Hundreds of Bangladeshi garment workers rallied Sunday in Dhaka (AFP)
Hundreds of Bangladeshi garment workers rallied Sunday in Dhaka (AFP)

DHAKA: Hundreds of Bangladeshi garment workers rallied Sunday demanding fair wages after dismissing a pay offer as too small, as the death toll from the violent protests that erupted last month rose to four.

Bangladesh has been rocked by the worst labour unrest in a decade with tens of thousands of workers clashing with police, demanding a near-tripling of the minimum wage to 23,000 taka ($208). Scores of factories have been damaged.

Bangladesh's 3,500 garment factories account for around 85 per cent of its $55 billion in annual exports, supplying many of the world's top brands including Levi's, Zara and H&M.

But conditions are dire for many of the sector's four million workers, the vast majority of whom are women whose monthly pay, until recently, started at 8,300 taka ($75).

A government-appointed panel raised the sector's wage by 56.25 per cent on Tuesday to 12,500 taka, but garment workers have rejected the hike. Since the pay offer, their protests escalated with at least 70 factories ransacked.

Police said Jalal Uddin, 42, a garment worker who was injured in clashes with officers earlier this month in Gazipur, north of the capital Dhaka, died from his injuries on Saturday.

Uddin's death takes the number killed in the protests to four, police said.

"He died at the Dhaka Medical College Hospital. He was injured during a protest several days ago," Bacchu Mia, a police inspector, told AFP.
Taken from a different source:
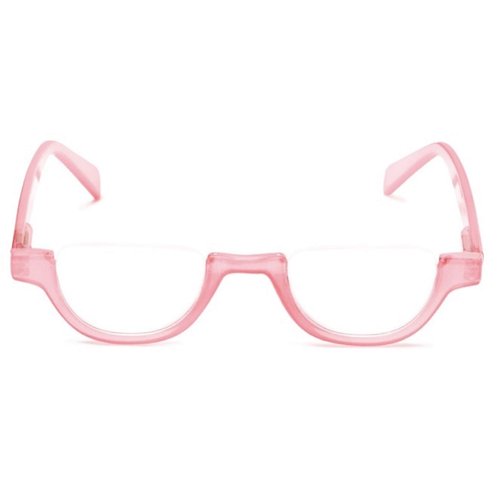 The Shay Colorful Semi-Rimless Half Reader Reading Glasses, 2.25 Pink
Uddin's brother-in-law Rezaul Karim told reporters he had been shot in the stomach by a shotgun, and had been brought to Dhaka for treatment.

'Gone into hiding'
Police said over 10,000 workers left their shifts when at least nine factories were shut down for the day in Dhaka's northern Mirpur neighbourhood on Sunday morning.
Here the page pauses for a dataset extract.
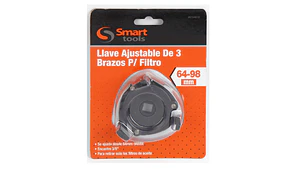LLAVE AJUSTABLE DE 3 BRAZOS P/ FILTRO 64-96MM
"Some 500 of these workers tried to block a road as part of the minimum wage protests. There was no violence," police inspector Masud Sarker told AFP.
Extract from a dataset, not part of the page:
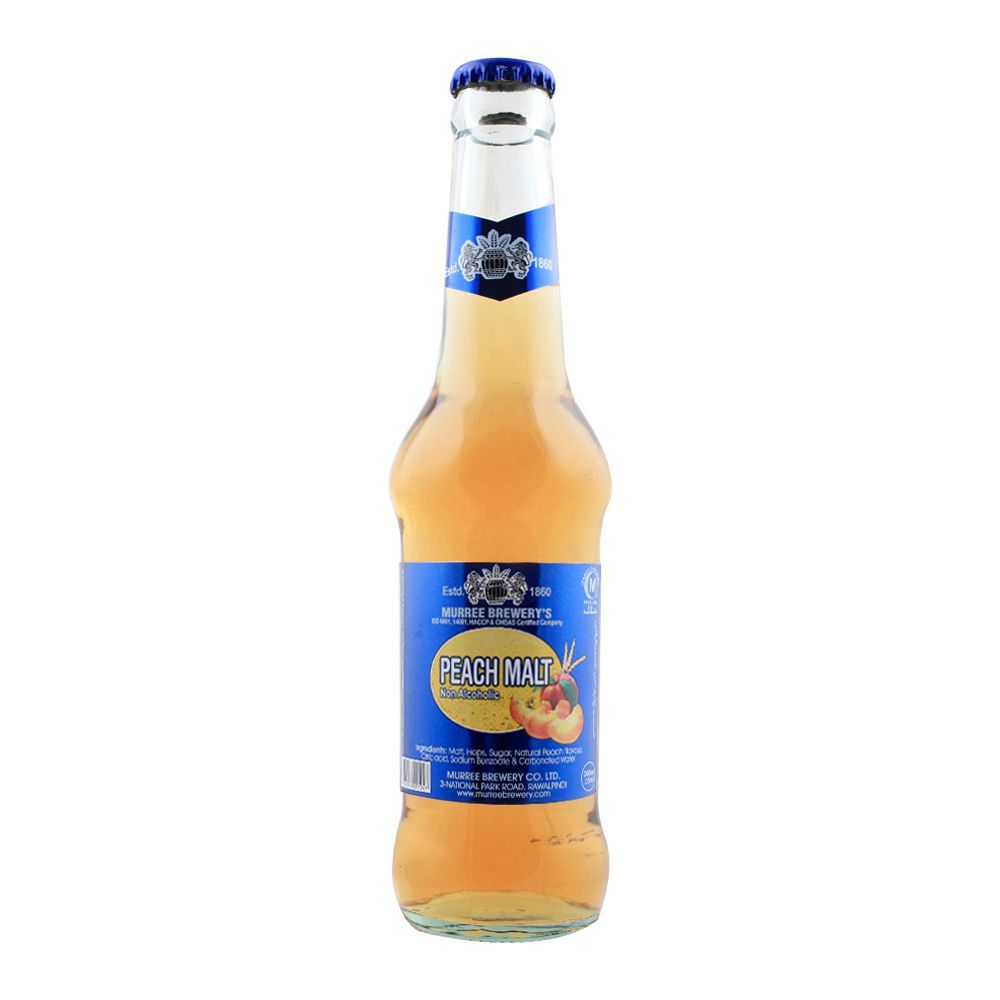 Muree Brewery Peach - Malt - Non-Alcohol - 250 ML - 24 Bottles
Unions have accused the government of launching a crackdown against protesters and of targeting grass-roots organisers.

Police told AFP that 150 factories had closed in the major industrial towns of Ashulia and Gazipur, both north of Dhaka, as manufacturers feared further strikes when Bangladesh's working week began on Saturday.

Police have filed cases against 11,000 unidentified people over the attacks on factories including Tusuka, one of the largest plants based in Gazipur.

Bangladesh police often issue primary charges against thousands of people, without specifying their names, following large protests and political violence -- a tactic that critics say is a way to crack down on dissent.

Amirul Haque Amin, the leader of the National Garment Workers Federation, said many protesters have gone into hiding.

At least 122 people, including several organisers, have been arrested in Gazipur since the protests began, the town's police spokesman Ibrahim Khan told AFP.

Bangladesh Prime Minister Sheikh Hasina has rejected any more wage hikes and warned the violent protests could cost jobs, but the unions have continued to strike.